Lucerne Travel Blog› entry 1 of 5 › view all entries
Well its been a while since my last blog, and I know you all are dying to learn about my most recent travels to Switzerland. Well here it is.
I decided that I would stick with my plan of visiting a single country at a time. Obviously this makes seeing all the countries I want to more difficult, but in my experience I have learned that you can't fully embrace all a country has to offer unless you devote all your time and energy towards it. I can't say that I have been disappointed yet.
If you didn't know, I was gone for about 13 days. I spent 11 full days in Switzerland and I found it just enough time to see and do most everything I had in mind. Over the next couple of weeks I'll bring you stories and photos from multiple cities. First up: Lucerne... if you speak English or French. Luzern if you German. And Lucerna if you speak Italian.
If you thought the national language of Switzerland is Swiss, then you are wrong.
In the middle of Switzerland sits the capital, Bern. Thats right, for those of you who thought either Geneva or Zurich was the capital of Switzerland, you are dead wrong.
But enough about that, lets talk about Lucerne (pronounced Lu-Cern for those of you like me who cannot pronounciate properly). I flew into Zurich and immediately caught the train to Lucerne. Public transportation in foreign countries always makes me a bit nervous at first. The idea that they'll be speaking in a language I can't understand and the possibility of me totally missing my stops is enough set this worry wart into overdrive. Luckly, on most of the major routes the anouncements were also conducted in English. Even still, I soon found out how well-established mass transit is in Switzerland. The maps are easy to comprehend.
I arrived in Lucerne having not slept for over 24 hours. I was tired, but the weather was perfect and I wasn't about to waste the day. I hiked by foot to my hostel to drop off my bags. Word to the wise, make sure you check out the location of your hostel before booking. As part of the hosteling international organization, I tend to default and pick those hostels because of my discount and they tend to be the nicest available. Well, most of the HI hostels are far away from the city center, which makes getting between the city and the hostel a royal pain. But thats what feet are made for.
I dropped off my bags, changed my clothes, then headed out with my camera to take in some of the sites Lucerne has to offer. First stop: Lowendenkmal. This is a lion statue erected in 1792 in honor of all the brave soldiers who died defending King Louis XVI during the French Revolution.

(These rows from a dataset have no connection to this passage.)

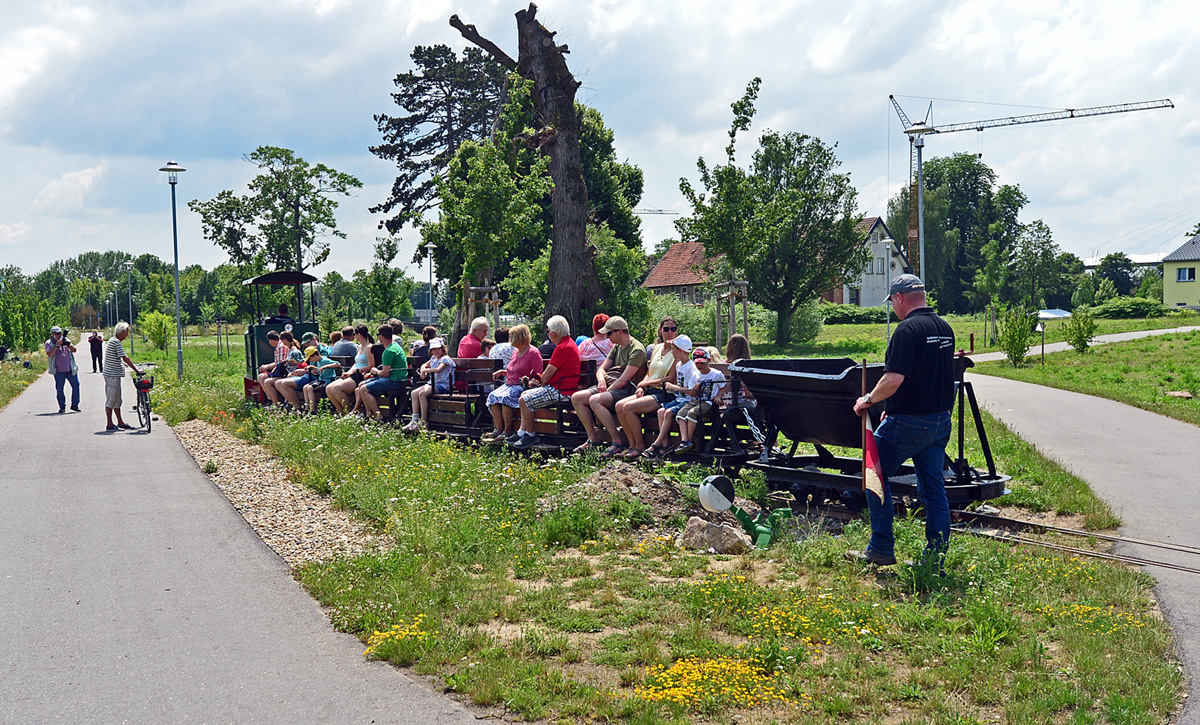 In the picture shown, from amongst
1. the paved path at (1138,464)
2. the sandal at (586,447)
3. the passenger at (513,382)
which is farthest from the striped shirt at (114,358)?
the paved path at (1138,464)

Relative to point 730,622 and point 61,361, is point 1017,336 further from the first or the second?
point 61,361

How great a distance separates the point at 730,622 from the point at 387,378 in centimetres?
921

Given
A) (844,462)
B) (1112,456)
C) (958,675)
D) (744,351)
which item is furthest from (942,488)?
(1112,456)

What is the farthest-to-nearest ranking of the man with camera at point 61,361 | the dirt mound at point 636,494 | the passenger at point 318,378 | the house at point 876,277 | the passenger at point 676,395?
the house at point 876,277, the man with camera at point 61,361, the passenger at point 318,378, the passenger at point 676,395, the dirt mound at point 636,494

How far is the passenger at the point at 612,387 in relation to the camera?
9.35 metres

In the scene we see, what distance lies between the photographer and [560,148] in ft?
59.7

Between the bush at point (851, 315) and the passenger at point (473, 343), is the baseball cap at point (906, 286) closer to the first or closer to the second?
the passenger at point (473, 343)

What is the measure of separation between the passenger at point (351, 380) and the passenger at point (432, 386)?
174 centimetres

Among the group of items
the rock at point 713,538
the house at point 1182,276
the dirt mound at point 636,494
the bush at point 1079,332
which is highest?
the house at point 1182,276

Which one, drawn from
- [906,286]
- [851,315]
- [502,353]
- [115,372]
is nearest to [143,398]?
[115,372]

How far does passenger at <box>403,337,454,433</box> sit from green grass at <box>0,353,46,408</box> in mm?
13645

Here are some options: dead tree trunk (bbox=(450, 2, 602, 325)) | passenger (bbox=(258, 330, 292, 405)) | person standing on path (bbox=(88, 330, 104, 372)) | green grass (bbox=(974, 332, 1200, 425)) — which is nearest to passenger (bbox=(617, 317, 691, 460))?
green grass (bbox=(974, 332, 1200, 425))

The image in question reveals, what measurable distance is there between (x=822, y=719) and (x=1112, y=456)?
8.37 metres

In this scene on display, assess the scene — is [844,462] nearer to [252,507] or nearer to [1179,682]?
[1179,682] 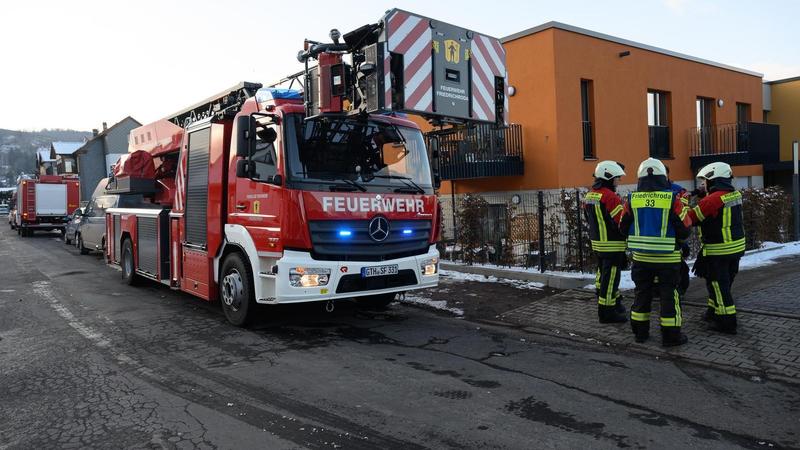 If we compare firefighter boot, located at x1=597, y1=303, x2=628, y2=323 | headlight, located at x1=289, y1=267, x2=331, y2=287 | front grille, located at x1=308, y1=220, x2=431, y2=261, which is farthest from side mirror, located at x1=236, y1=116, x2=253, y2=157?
firefighter boot, located at x1=597, y1=303, x2=628, y2=323

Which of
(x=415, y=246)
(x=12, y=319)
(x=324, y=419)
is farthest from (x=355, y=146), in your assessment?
(x=12, y=319)

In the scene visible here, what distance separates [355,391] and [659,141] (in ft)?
53.3

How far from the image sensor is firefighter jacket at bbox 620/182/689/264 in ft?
18.5

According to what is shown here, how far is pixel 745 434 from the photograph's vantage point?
3764 millimetres

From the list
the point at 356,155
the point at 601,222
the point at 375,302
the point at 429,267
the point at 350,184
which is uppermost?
the point at 356,155

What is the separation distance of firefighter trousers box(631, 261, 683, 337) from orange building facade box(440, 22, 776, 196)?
8.39 meters

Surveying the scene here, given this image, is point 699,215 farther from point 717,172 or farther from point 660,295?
point 660,295

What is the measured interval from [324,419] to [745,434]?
2876 millimetres

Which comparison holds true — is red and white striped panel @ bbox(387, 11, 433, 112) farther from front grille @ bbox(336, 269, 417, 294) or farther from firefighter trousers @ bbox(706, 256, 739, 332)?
firefighter trousers @ bbox(706, 256, 739, 332)

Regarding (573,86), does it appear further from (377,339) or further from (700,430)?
(700,430)

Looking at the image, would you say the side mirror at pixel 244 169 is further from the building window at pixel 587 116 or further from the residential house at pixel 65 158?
the residential house at pixel 65 158

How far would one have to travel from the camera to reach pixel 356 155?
6609mm

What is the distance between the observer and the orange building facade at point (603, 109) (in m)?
14.1

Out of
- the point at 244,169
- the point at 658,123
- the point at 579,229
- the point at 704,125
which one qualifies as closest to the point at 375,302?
the point at 244,169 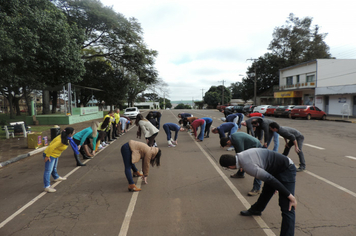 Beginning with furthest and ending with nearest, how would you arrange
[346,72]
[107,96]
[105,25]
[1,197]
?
[107,96] < [346,72] < [105,25] < [1,197]

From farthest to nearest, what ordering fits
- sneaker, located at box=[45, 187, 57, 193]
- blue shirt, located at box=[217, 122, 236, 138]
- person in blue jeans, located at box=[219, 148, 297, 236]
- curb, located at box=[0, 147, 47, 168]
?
1. blue shirt, located at box=[217, 122, 236, 138]
2. curb, located at box=[0, 147, 47, 168]
3. sneaker, located at box=[45, 187, 57, 193]
4. person in blue jeans, located at box=[219, 148, 297, 236]

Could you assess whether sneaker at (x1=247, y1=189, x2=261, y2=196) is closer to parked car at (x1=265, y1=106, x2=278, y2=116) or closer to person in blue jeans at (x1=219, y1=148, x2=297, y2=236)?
person in blue jeans at (x1=219, y1=148, x2=297, y2=236)

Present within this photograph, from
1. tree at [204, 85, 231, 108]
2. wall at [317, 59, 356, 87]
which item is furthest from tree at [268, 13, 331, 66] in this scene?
tree at [204, 85, 231, 108]

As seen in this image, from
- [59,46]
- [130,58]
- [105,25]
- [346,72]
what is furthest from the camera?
[346,72]

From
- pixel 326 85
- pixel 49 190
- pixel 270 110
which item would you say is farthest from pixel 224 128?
pixel 326 85

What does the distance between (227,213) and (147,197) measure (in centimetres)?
165

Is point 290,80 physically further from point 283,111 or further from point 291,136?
point 291,136

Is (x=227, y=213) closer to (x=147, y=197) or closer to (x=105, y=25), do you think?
(x=147, y=197)

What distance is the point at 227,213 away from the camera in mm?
3943

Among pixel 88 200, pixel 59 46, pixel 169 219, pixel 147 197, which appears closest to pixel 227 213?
pixel 169 219

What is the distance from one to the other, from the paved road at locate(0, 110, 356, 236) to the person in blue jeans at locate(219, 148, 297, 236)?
1.74ft

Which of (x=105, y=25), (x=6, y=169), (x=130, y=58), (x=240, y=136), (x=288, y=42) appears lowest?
(x=6, y=169)

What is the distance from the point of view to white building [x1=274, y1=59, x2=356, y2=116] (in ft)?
89.7

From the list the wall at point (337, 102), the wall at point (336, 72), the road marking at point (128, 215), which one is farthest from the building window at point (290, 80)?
the road marking at point (128, 215) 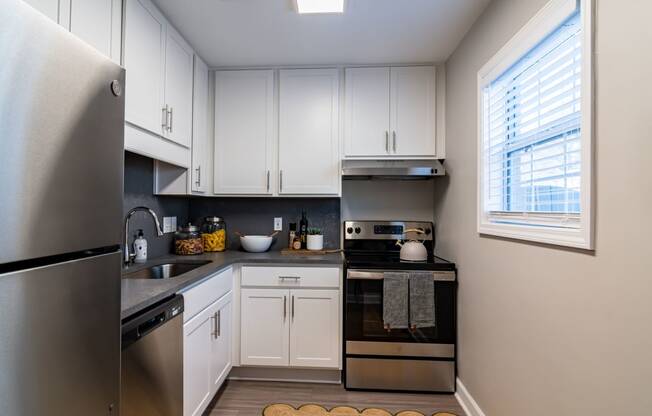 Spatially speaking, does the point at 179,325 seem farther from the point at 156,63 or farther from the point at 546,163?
the point at 546,163

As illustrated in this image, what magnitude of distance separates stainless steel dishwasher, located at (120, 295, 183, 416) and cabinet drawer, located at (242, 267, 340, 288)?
768 millimetres

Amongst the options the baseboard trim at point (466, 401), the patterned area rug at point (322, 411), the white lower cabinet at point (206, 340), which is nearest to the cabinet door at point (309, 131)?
the white lower cabinet at point (206, 340)

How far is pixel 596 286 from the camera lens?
994mm

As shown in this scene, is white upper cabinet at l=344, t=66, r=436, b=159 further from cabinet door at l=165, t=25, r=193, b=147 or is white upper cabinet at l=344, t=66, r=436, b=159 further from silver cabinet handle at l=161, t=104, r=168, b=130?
Result: silver cabinet handle at l=161, t=104, r=168, b=130

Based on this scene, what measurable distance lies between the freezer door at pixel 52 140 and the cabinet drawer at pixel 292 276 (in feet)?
5.03

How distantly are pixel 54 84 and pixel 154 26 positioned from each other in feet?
4.86

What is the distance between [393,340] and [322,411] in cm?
63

The lion is carved into the side of a rock wall. The thing that struck me the most is the emotion and expression on the lion's face. I felt it was amazingly done. You truely get the since of a brave and noble lion who has been slain, and the anguish on its face is clearly displayed.
Pleased with my first stop, I headed through the city taking in the architecture.
My next stop was Museggmauer (or the "city wall"). This impressive wall (with towers) is open to the public.
Within the Zuitturm tower, a clock was constructed. It was interesting to see the clock from the inside. Along the wall you could get a nice vantage of the city.
After Museggmauer, I headed to the old parts of Lucerne. This was definately one of my favorite parts of Lucerne. The buildings were beautiful, and the paintings were something distinct and drastically different than anything you'd find in the US.
After walking through old town, I hit the waterfront. Once again, thankful for the beautiful weather. Along the water front are plenty of restaurants, though I wouldn't consider them cheap.
One of the cool sights of Lucerne are all the bridges. Two in particular provide quite the experience. The first is Spreuerbrucke. This wooden bridge has paintings that hang from the roof. I couldn't read anything that was written on the paintings, but they were definately erie. I do know that the theme of the paintings is "The Dance of Death." Fittingly, they all include a figure with a skeleton head which must represent Death.
The second bridge worth noting is Kapellbrucke. This bridge is noticible by the tower attached to it. It is one of Switzerland's famous sights. It too has the paintings like Spreuerbrucke and looks quite nice at night.
I enjoyed Lucerne quite a lot. Its a big city, but not too big. And it feels Swiss. I can't define what "Swiss" feels like. But as you later see Geneva and Zurich, Lucerne definately stands out as something neither German nor French (even though the language there is German).
After taking in the sights of Lucerne, I headed back to the hostel to get some well needed rest. The next day I would visit Mount Pilatus.